しかし、人間であるはずなのにその“水の上走れる理論”を唱えたところで信じられるはずもないだろ。


「使えたんだから信じろよ」

『た、確かに目の前で起こったことではあるが……いや、そもそもなぜお前……魔法が使えるのだ』

「タスカのことか? なぜって言われてもなぁ」

『違う。タスカもそうだが、アクセル自体使えることがおかしい。お前、“魔法封じ”の結界はどうしたのだ』

「魔法封じ? そんなのあったか?」


魔法封じの結界。

その名の通り、その結界内にいる者の魔法を封じると言うものだ。


いや、正確に言えば『魔力を奪い続ける』という結界らしい。


前世で一度ディアナにかけられてそう言われたことを覚えている。


確かその時って、どうやって解除したっけな……。

あ、そうそう。魔力を上げたんだった。


風船という名の結界に、空気という名の魔力を注ぎ続けるといずれ破裂する。


理論としてはそんな感じ。

つまりは、ゴリ押しのパワープレー。


でも、今回は魔力を上げたつもりなんてないぞ。


ユウトはこの山に入ってからここに至るまでの出来事を思い出す。


解除した時はなんかこう……ピリッと体に電撃が走ったんだよな。


そんなことあったか? ……あったな。


「あー……もしかして山の入口に張ってあったか?」

『山の入口だけではない。この山全体にかけていた』


うん。間違えないな。


「その結界なら壊したぞ」

『は?』

「いや、結界が張ってあるとか知らなくてさ。入った瞬間に、こうバチッと……」

『まさか、結界が魔力を吸収しきれなくなったというのか?』


(いや、ありえない。この山全体に結界を張っていたのだぞ。つまり……この結界全体に魔力が行き渡って初めて破壊できるはずだ! そんなことありえるはずがない。だってこの山は……)

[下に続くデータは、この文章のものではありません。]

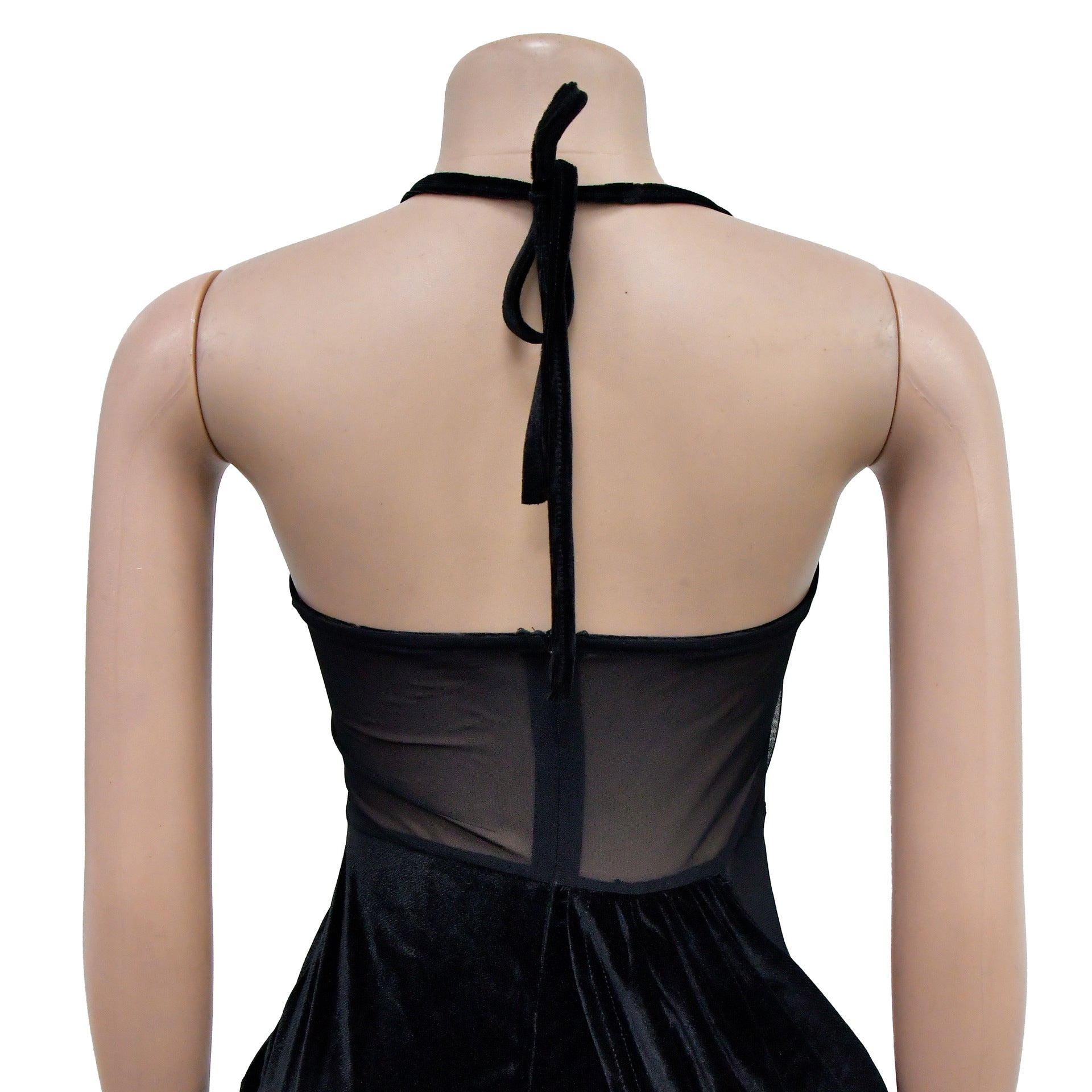 Fashion Women's Solid Color Mesh Straps Slit Long Dress 21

“登りきるのに数年はかかると言われる──天界の山……グレバス山なのだぞ”


ドラゴンの額に汗がにじみ出る。

ドクンドクンと心臓が脈打つ。

人が、“恐怖”と表現するそれを、ドラゴンは初めて味わった瞬間である。


そして、ドラゴンは静かに笑った。


『ふっ。我の爪を斬る剣士か……。余程人間界では有名なのだろうな』


ドラゴンの魔力がどんどん上がっていく。

言いようのない圧力。

揺れる大気。


「残念ながら、俺はお前が期待してるような人物じゃないぞ。まぁ、“F級の冒険者”っていう意味ではある意味有名かもな」

『この魔力に耐えられる者がF級クラスか……ははっ面白いな。人間界というのは!』


(……なんか果然やる気出しちゃったよ。最初から爪が折れただけで降参するような奴じゃないと思ってたけどさ)


地下鉄の階段を吹き抜ける風のように、話す言葉が力を帯びる。


お互いがジャブを打ち合ったところで、第2ラウンドが幕を開けるのであった。